We learnt this the hard way when we ended up having to replace the gearbox and clutch just a few days into our trip, which cost us €4,000; a large proportion of our savings, with no regular income at the time.

Shitty weather means being stuck in the van

Vanlife is great when you can spend all your time frolicking outdoors, but whenever it rains, or god forbid snows, you’re confined to the van. And then it suddenly feels much smaller than it does on a sunny day.

We got snowed in twice while out travelling, despite trying to avoid this as hard as we could – and one time it was so bad we couldn’t drive out of the car park for two days. With no heating, no way to get to the shops to buy some hard liquor and not even much of a chance to walk around in the ankle-deep snow, it got pretty miserable.

It can get pretty cold!

This isn’t so bad at night, because you can hide under a thick duvet, but on cold days it can get pretty chilly inside the van. We don’t have heating, so when it gets really cold our only way of heating the place is by turning on the stove. There’s only so long you can do that for, and often on a cold day you end up having to wrap yourself up in layers and crawl under the blanket!

It’s hard to park in cities

I thought we would visit a lot more cities on our travels around Europe, having a list of favourites I wanted to re-visit and some that I still haven’t been to. But we’ve barely been to any! It’s expensive to park and hard to drive around in a big vehicle, plus the threat of a break-in is higher with higher crime rates. The only big city we ventured into was Berlin, and in the end we got stuck in a car park, boxed in by smaller cars and unable to move for 24 hours!

Driving long distances can get mega expensive

More so than in a car, since vans eat up a lot more fuel and you spend more money on tolls being a larger vehicle, which can be sky high in some European destinations (Italy, France). It cost us over €100 in tolls alone to cross France using highways on our way from the UK to Spain, and another €200 or so in diesel.

And, as it turns out, Europe is far larger than it looks on the map! So the magical freedom of vanlife is somewhat restricted by budgets.

Then why do we do it?

None of these downsides can erase the fact that living the way we do allows us the freedom to do what we love – travel and climb all year round – without being attached to an office job or a permanent home, with a mortgage and bills.

Living like this is also far cheaper than living in a city, even with all the costs that I mentioned factored in. Our main expense is fuel, a replacement for rent of sorts, so by staying put in one location we can drastically reduce our spending when money gets tight.

Like every adventure, living in a van includes its fair share of suffering, but I wouldn’t change it for the world!

3 Replies to “The trials and tribulations of vanlife”

  1. It’s good to see someone presenting a more realistic outlook on vanlife than they ones you’ll get on Instagram, haha.
    Do you regret not installing a heater? It seems everyone that has installed one after not having one, has said its completely changed the experience.
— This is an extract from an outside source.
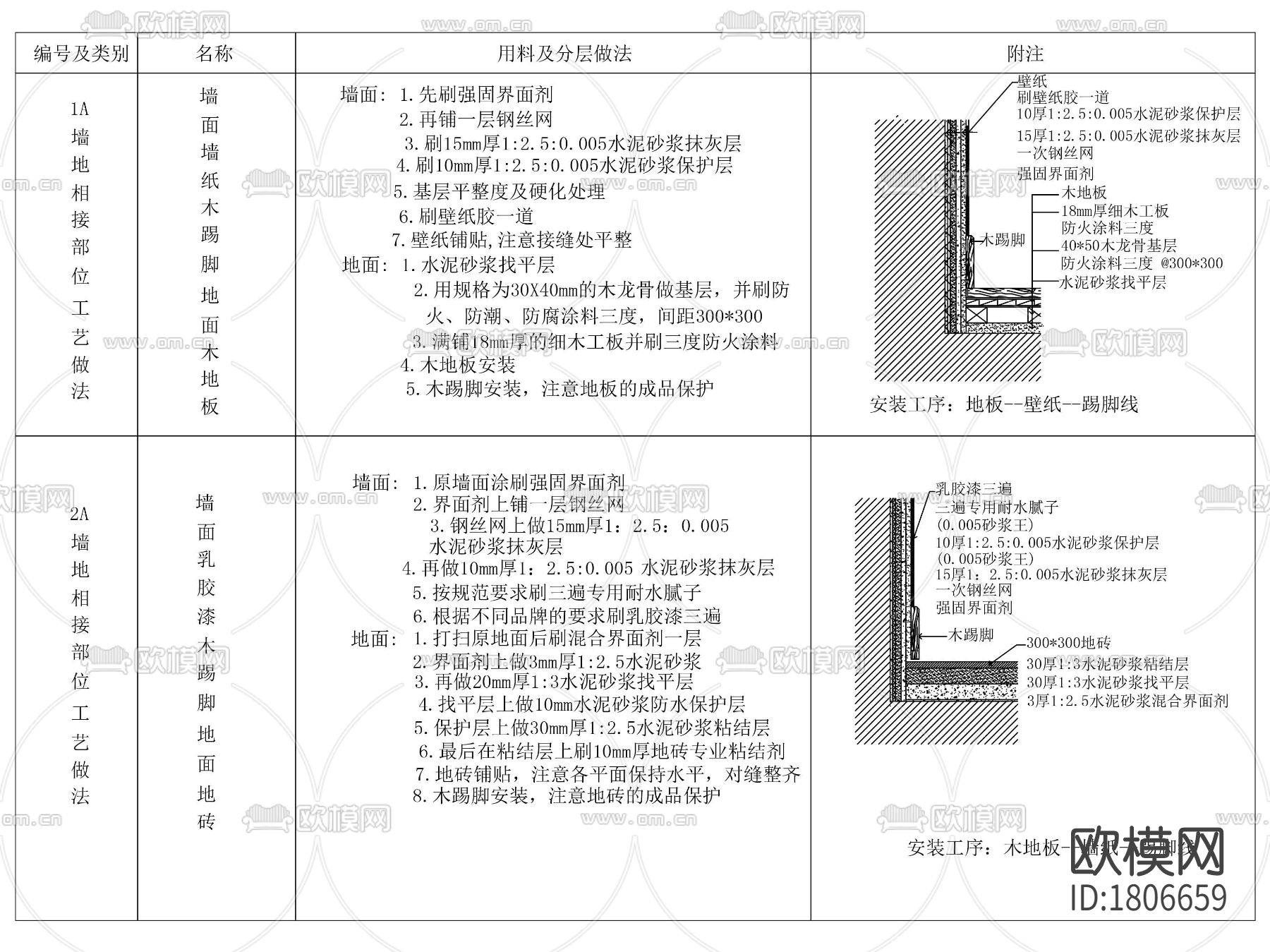 墙纸木地板相接cad节点大样图下载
    1. Haha it’s not all roses and butterflies!

      To be honest, there have only been a few times when we really wanted a heater so far. We really do our best to avoid cold places! It doesn’t feel that bad now, but we’re in Greece and it’s still summer. I’m sure I’ll want one in Dec/Jan!

      The biggest mistake we made at the start was not installing solar panels. That was very silly! We had to order them in to Greece, which was a special sort of nightmare. Would never do vanlife without solar again!!